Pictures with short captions
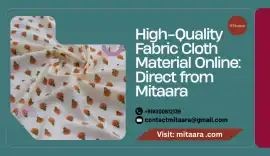 High-Quality Fabric Cloth Material Online, ₹ 1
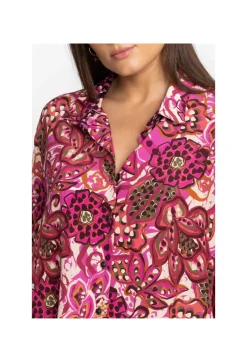 Johnny Was Dreams Of Vivanna Silk Shirt Multi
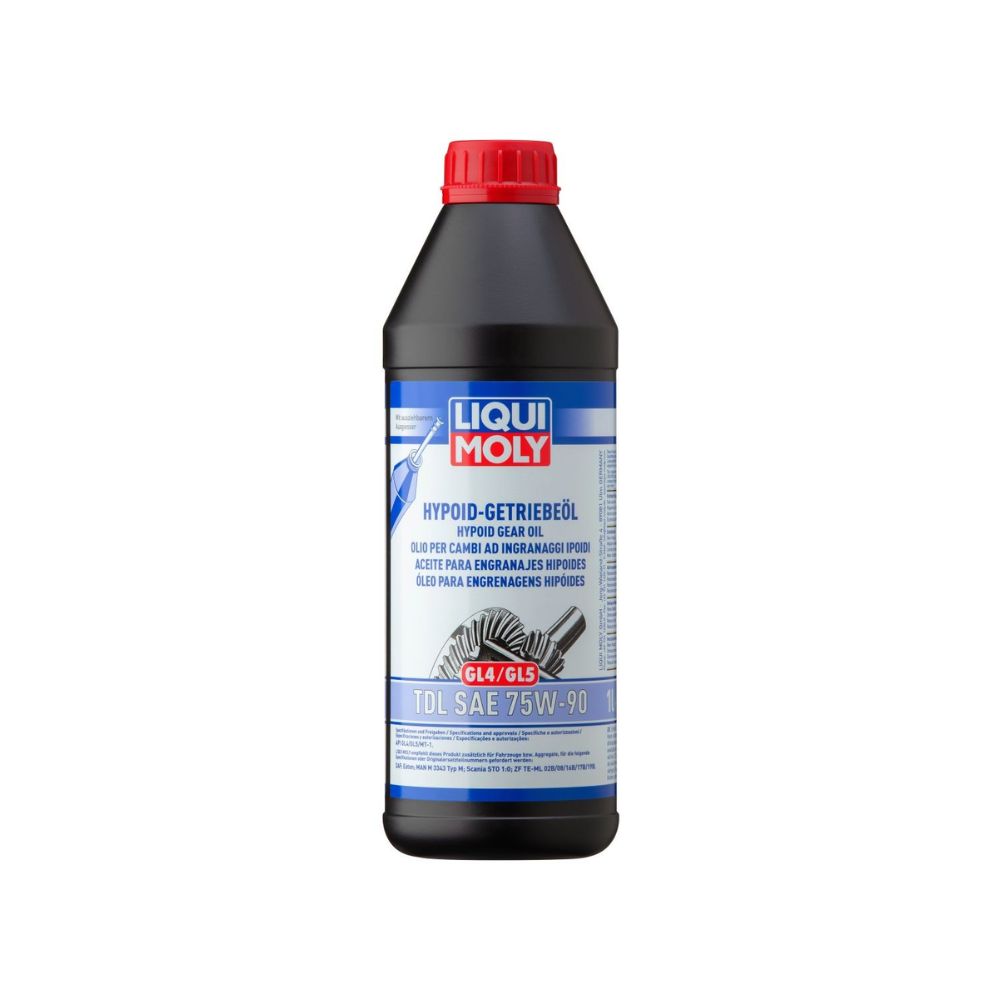LIQUI MOLY ACEITE GL4/GL5 75W90 LM1407 1LT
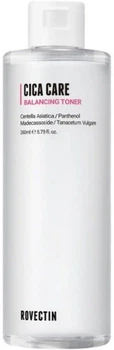 Тонер успокаивающий с центеллой Rovectin Cica Care Balancing Toner 260 мл (8809348502557)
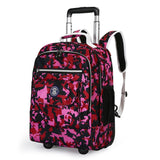 Roll with It (or Carry It!): The Ultimate 2-in-1 Wheeled Backpack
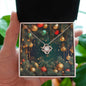 Christmas Background 126 - Love Knot Necklace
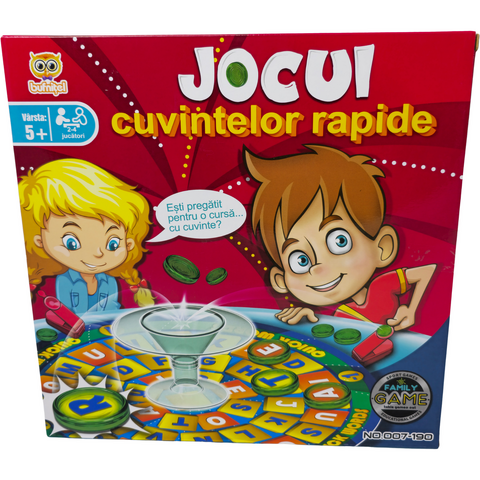 Bufnitel Jocul cuvintelor rapide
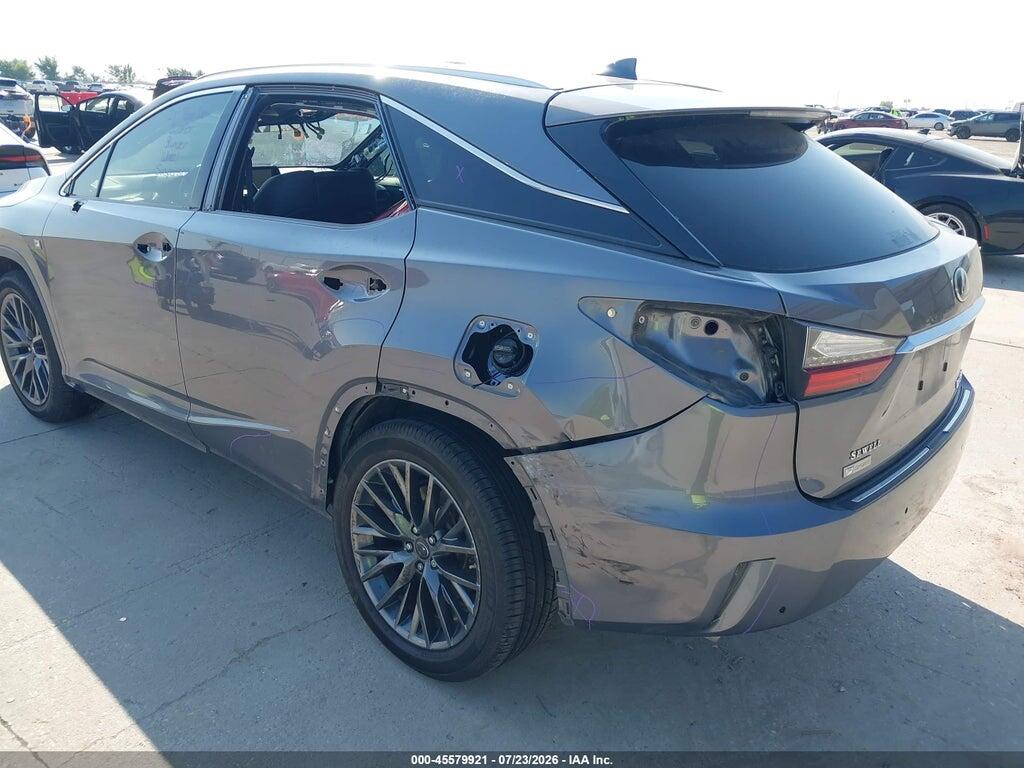 2T2BZMCA1HC089360 2017 LEXUS RX 350 photo no. 6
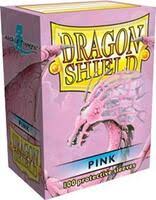 Dragon Shield Sleeves: Standard- Pink (non-Matte) (100 ct.)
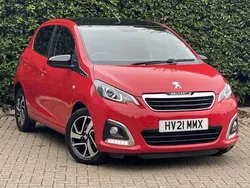 Used 2021 Peugeot 108 Allure Hatchback | £10,845 (Expensive)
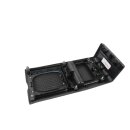 Rückwandverkleidung 8N7868573B Abdeckung Rückwand Audi TT 8N Roadster schwarz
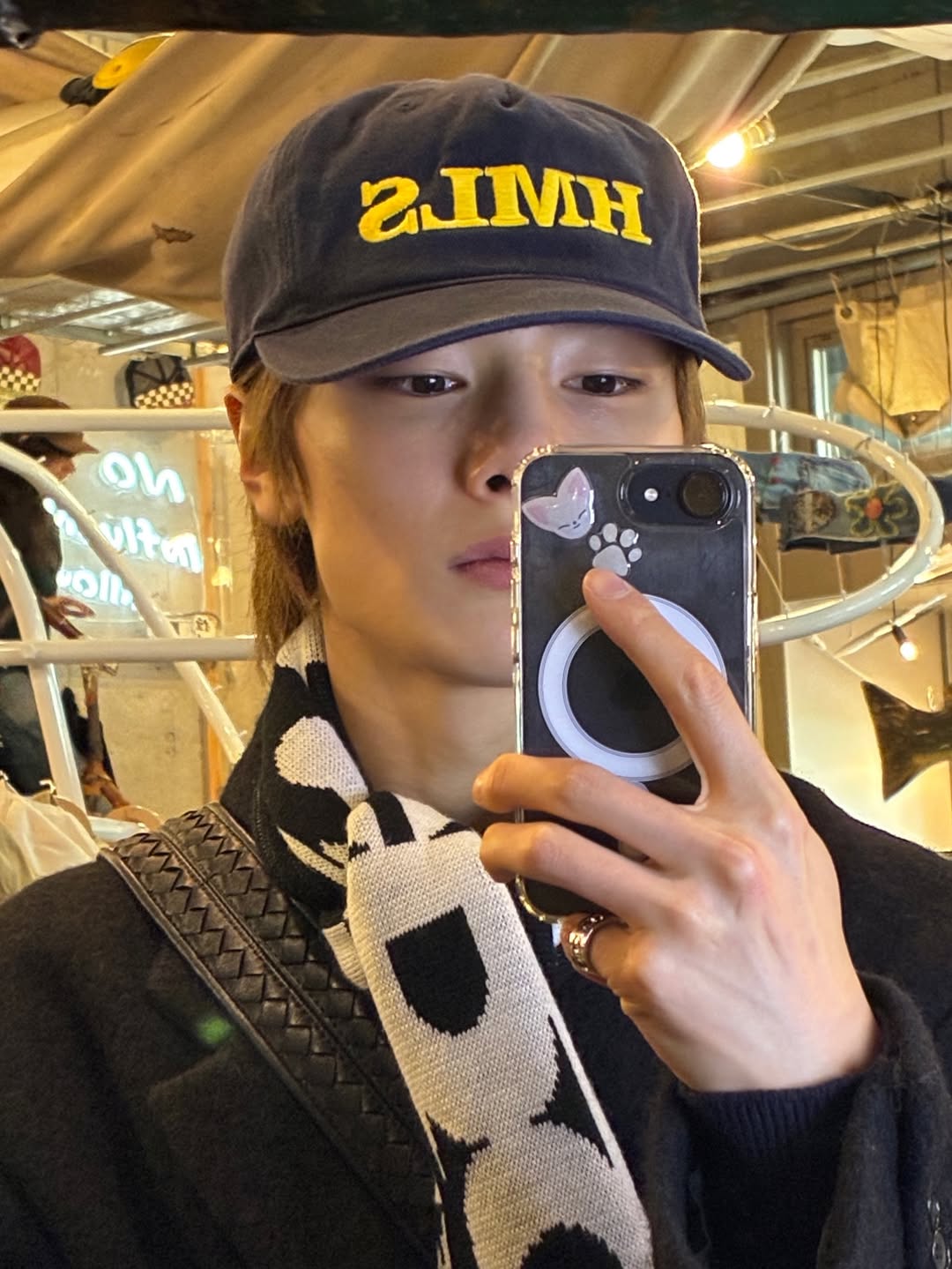 Latest photo of I.N (Stray Kids)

**What to do:**
Exactly as written, restate the lines from the one that contains "Bufnitel Jocul cuvintelor rapide" through the final line of the data, both ends included, but leave out the pictures.

**Your solution:**
 Bufnitel Jocul cuvintelor rapide
 2T2BZMCA1HC089360 2017 LEXUS RX 350 photo no. 6
 Dragon Shield Sleeves: Standard- Pink (non-Matte) (100 ct.)
 Used 2021 Peugeot 108 Allure Hatchback | £10,845 (Expensive)
 Rückwandverkleidung 8N7868573B Abdeckung Rückwand Audi TT 8N Roadster schwarz
 Latest photo of I.N (Stray Kids)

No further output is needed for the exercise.